Spain’s chambermaids are planning their own booking portal for fair vacation travel


Those who are on vacation want one thing above all in the evening, after all the experiences and drinks: lay their head on a spotlessly clean pillow. At that moment, one usually does not think about the fact that someone has freshly made, shaken and smoothed this pillow. If at all, it only occurs shortly before departure to leave a banknote on the bedside table for the invisible. But it is more likely that you groan at the moment that everything is so stressful again, only five minutes until check-out, and the suitcase still won’t close.

They no longer want to be invisible: Spain’s maids have organized themselves.
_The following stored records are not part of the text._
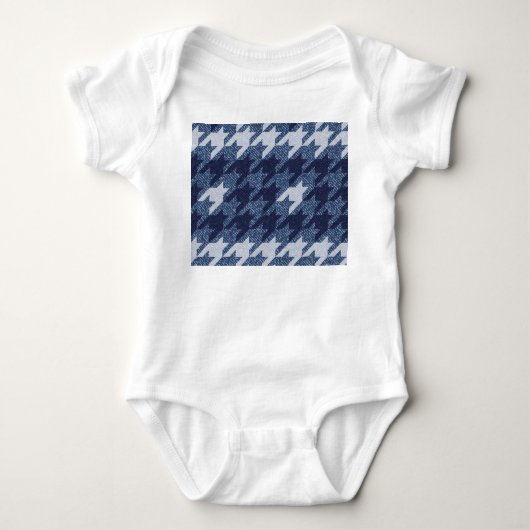 Houndstooth Tartan Jeans Achtergrond Ontwerp Romper (Voorkant)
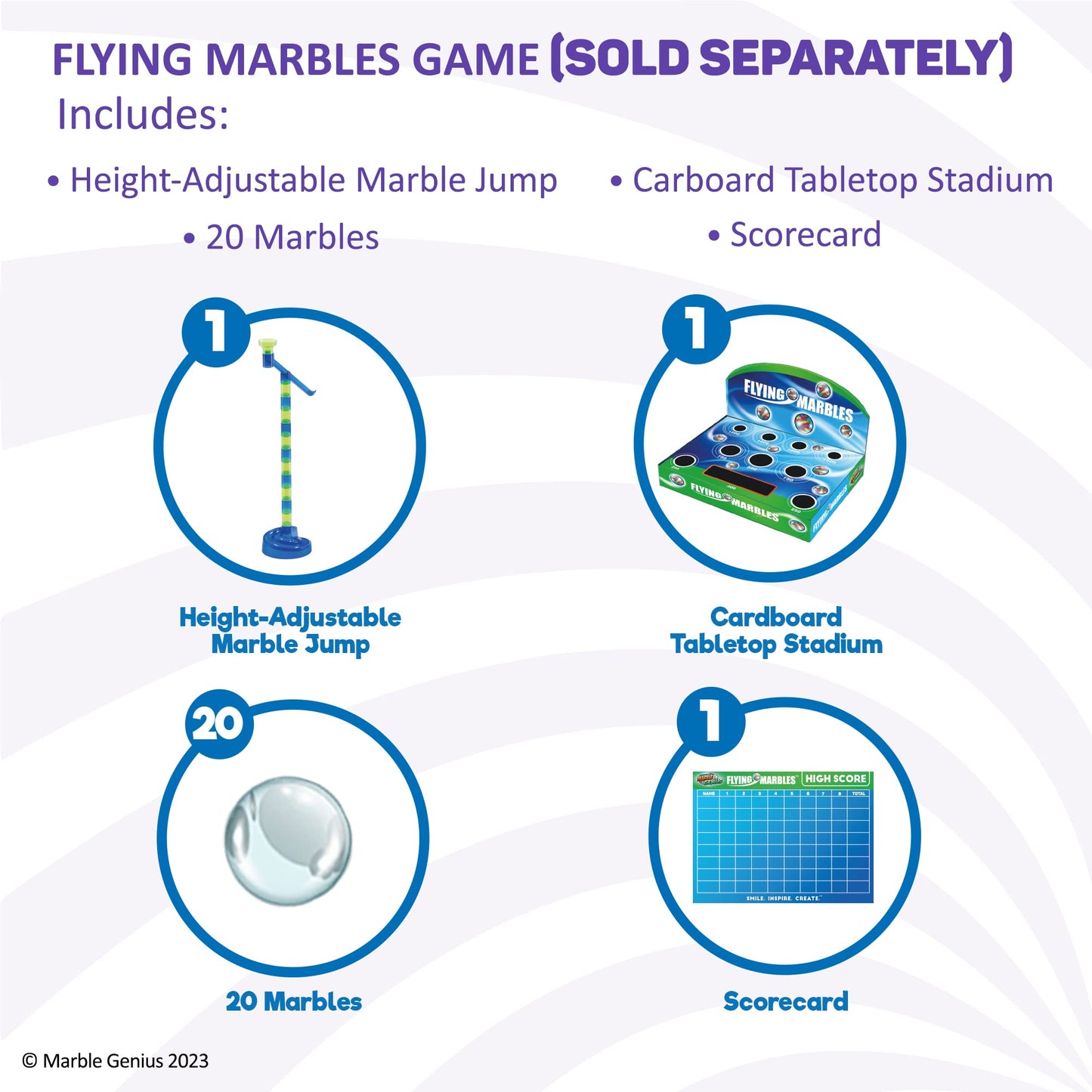 Marble Genius Flying Marbles Action Game - Family Table Game, Experience The Thrill Of Racing, Includes An App With Additional C
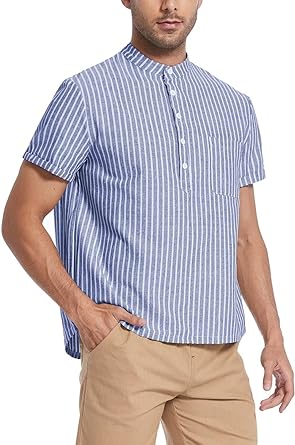 Photo 1 of BAYAMO Men's Beach Shirts Linen Summer Button Down Shirts Casual Henley Short Sleeve T Shirt with Pocket
size- large
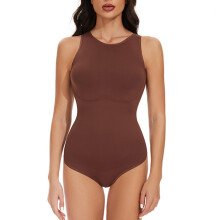 Bodysuit Shapewear Women's Long Sleeve Jumpsuit Flexible Leotard with Deep V-Neck in Brown 3XL Elegant Stylish Fit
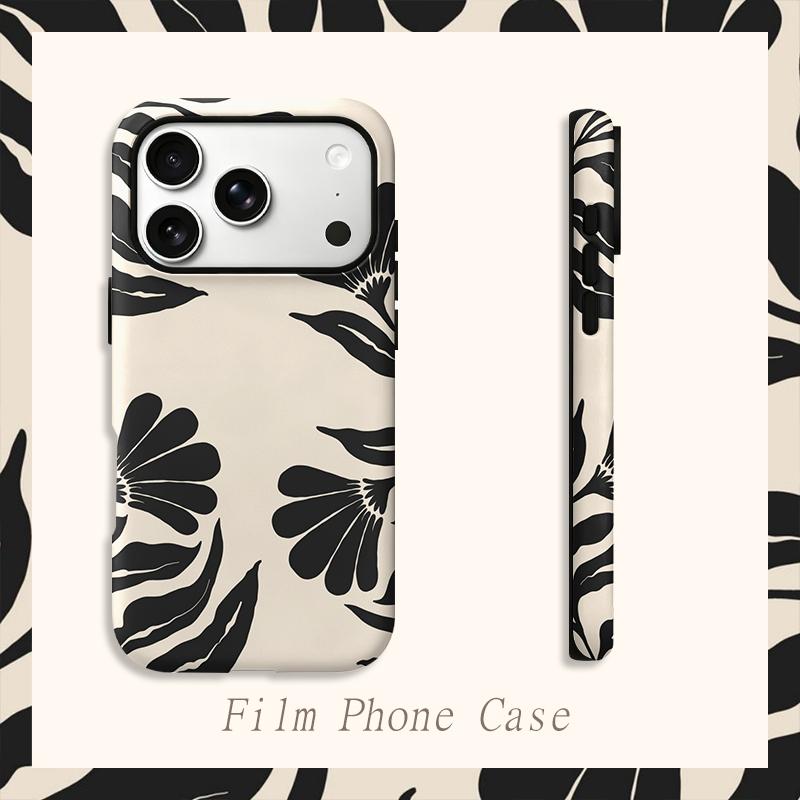 Bold Floral Abstract Black Cream Botanic Leaves Silhouette Art Film Aesthetic Protective Shockproof Bumper Phone Case For iPhone 14 15 16 Pro Max Plus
Your union is simply called Las Kellys, short for read que limpian, the ones who clean. “We believe in tourism that is fair – to the planet and to the employees,” says Vania Arana, spokeswoman for Las Kellys in Barcelona. “We chambermaids do the core business of every hotel and at the same time we are treated like dirt.” The 54-year-old Peruvian has been working as a maid in Spain for almost 30 years. She is now in pain almost every day. According to a study, 70 percent of housekeepers take medication to do their job. Arana has seen the pressure increase: “We used to have to create twelve rooms a day, today it is 30.”

A fairtrade seal for holidays

Spain’s chambermaids have been demonstrating against exploitation for years. Now they want to team up with those who have the say in the industry: the tourists. Las Kellys want to set up their own booking portal, in which only hotels are allowed that meet minimum standards in the treatment of their staff. A fair trade seal for holidays, so to speak. They started crowdfunding six weeks agoThey wanted to raise 60,000 euros in start-up capital. The success surprises you: More than 78,000 euros have already been donated. The website and the app that are financed with it will soon also be available in English and German. The maids think big: “We want to make the world cleaner.”

However, they cannot expect any support from Spain’s powerful trade unions. “First of all, because it is very complicated. The whole thing has an enormous range, and the money that you are collecting there is not enough back and forth,” says Gonzalo Fuentes of the CCOO union. But such criticism does not discourage Las Kellys. “We women have waited a long time for help from the unions and we have waited in vain,” says Arana.

There have been plans for a similar booking portal for years: Fairhotels.es even received state support. But bureaucracy and the pandemic have paralyzed the project. For the Kellys, the rules there would be too lax anyway, they also want to exclude hotels that employ their maids through subcontractors and thus circumvent the collective agreement. According to Vania Arana, a certain type often ends up in such “garbage contracts”: single women with several children, foreign women who cannot defend themselves. It wasn’t long ago that Arana was one of them.